Determination of spontaneous mutation frequencies in measles virus under nonselective conditions

Abstract

There is a paradox between the remarkable genetic stability of measles virus (MV) in the field and the high mutation rates implied by the frequency of the appearance of monoclonal antibody escape mutants generated when the virus is pressured to revert in vitro (S. J. Schrag, P. A. Rota, and W. J. Bellini, J. Virol. 73:51-54, 1999). We established a highly sensitive assay to determine frequencies of various categories of mutations in large populations of wild-type and laboratory-adapted MVs using recombinant viruses containing an additional transcription unit (ATU) encoding enhanced green fluorescent protein (EGFP). Single and double mutations were made in the fluorophore of EGFP to ablate fluorescence. The frequencies of reversion mutants in the population were determined by measuring the appearance of fluorescence indicating a revertant virus. This allows mutation rates to be measured under nonselective conditions, as phenotypic reversion to fluorescence requires only either a single- or a double-nucleotide change and amino acid substitution, which does not affect the length of the nonessential reporter protein expressed from the ATU. Mutation rates in MV are the same for wild-type and laboratory-adapted viruses, and they are an order of magnitude lower than the previous measurement assessed under selective conditions.

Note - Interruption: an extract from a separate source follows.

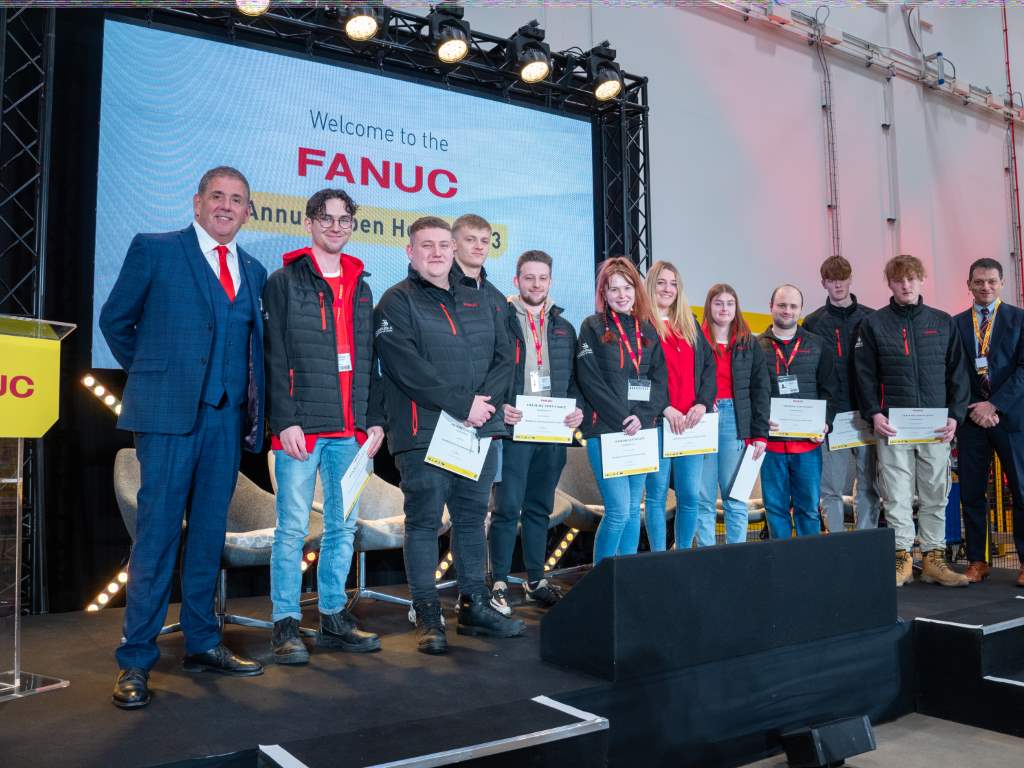 Student success in WorldSkills and FANUC competition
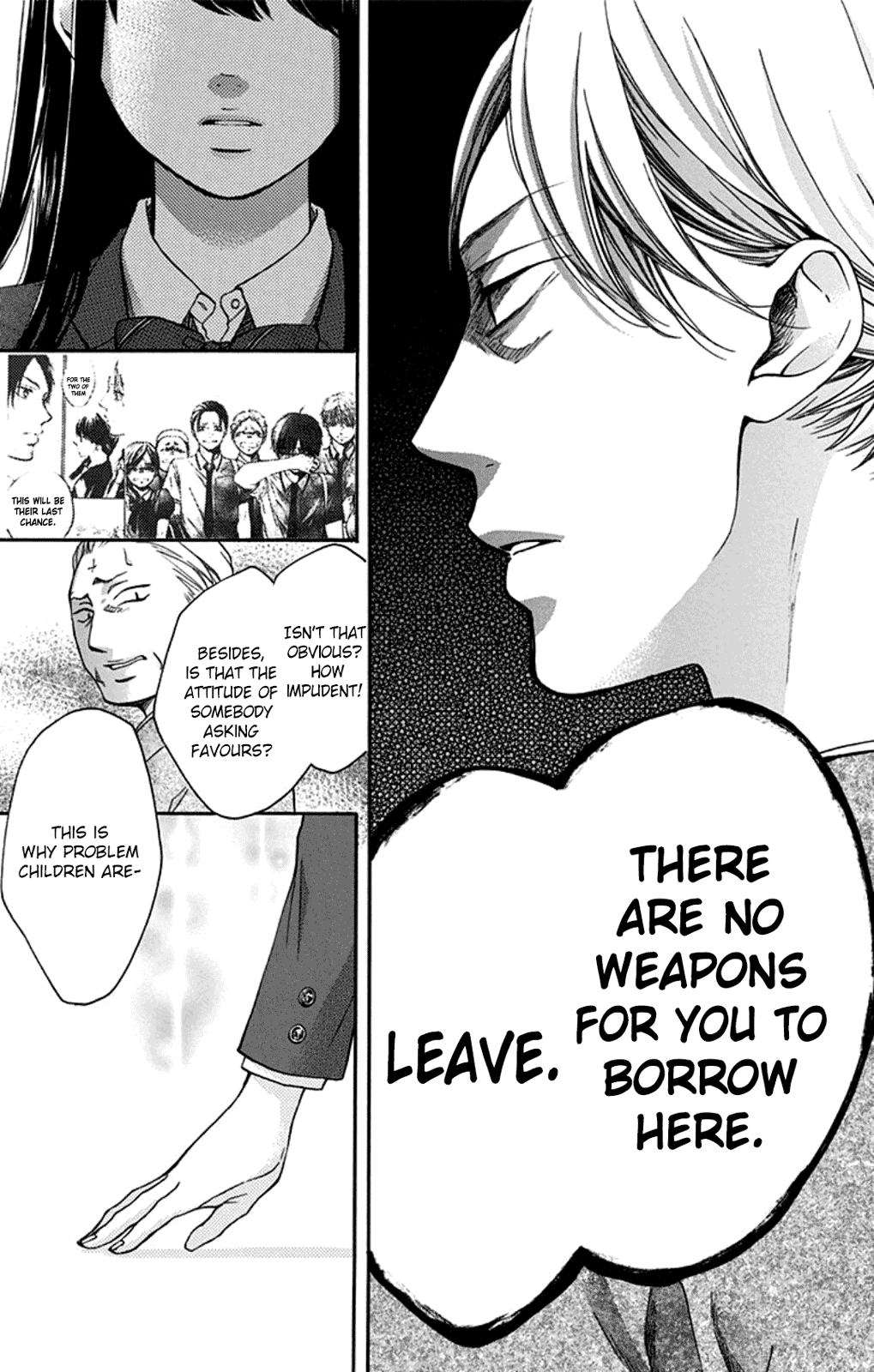 Kono Oto Tomare! Chapter 33 page 35 - Chapter 33: Reunion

The actual mutation rate for MV is approximately 1.8 × 10(-6) per base per replication event.

Fig 1

Design of EGFP^KO viruses. (A) Schematic representation of the genomes of the recombinant wild-type viruses encoding EGFP in an additional transcription unit in position 1, i.e., before the gene encoding the nucleocapsid (N) protein. EGFP^KO viruses for the laboratory-adapted strain expressed modified EGFP proteins from an ATU in the same position. The genome order from the 3′ end to the 5′ end is as follows: EGFP-nucleocapsid protein gene (N)-phosphoprotein gene (P/V/C)-matrix protein gene (M)-fusion protein gene (F)-hemagglutinin protein (H)-large protein (L). (B) Nucleotide (nt) and protein sequences of the fluorophore in the EGFP^KO viruses. aa, amino acids. (C) False-color images of green fluorescence detection in cell monolayers infected with wild-type, EGFP^KO, and revertant viruses. (D) Nucleotide and protein sequences of the fluorophore and genetic tag sequences of the wild type and a revertant virus.

Fig 2

Replication kinetics of the wild type and a representative EGFP^KO virus. Virus titers (50% tissue culture infective dose [TCID₅₀]) were measured in the supernatant (SN) and cell-associated (CA) fractions of Vero-cCD150 cells infected with wild-type rMV^IC323EGFP and the EFGP^KO virus rMV^IC323EGFP^a315c.

Fig 3

Development of the assay. (A) Effect of the fusion-inhibitory peptide (FIP). In the absence of FIP, syncytia form in Vero-cCD150 cell monolayers, which prevents enumeration of the revertant viruses. With FIP, the dynamic range for the measurement of revertant frequency is 1 to 1,000. At a higher magnification, paired green cells (the result of cell division) are detected. These are counted as single events in the measurement of mutation frequency in virus populations. (B) Establishment of the maximum MOI that results in discrete, countable infectious centers, reflecting the actual number of PFU used for the initial infection. Wells of a 96-well plate containing approximately 40,000 cells per well were infected at the indicated MOIs.

Fig 4

Mutation frequencies. (A) Mutation frequencies of specific transitions and transversions. Closed circles refer to the rates found with the rMV^IC323EGFP^KO viruses. Open circles refer to mutation frequencies established for the rMV^EdtagEGFP^stop viruses. (B) Tabulated data for reversion of a range of EGFP^KO mutant viruses.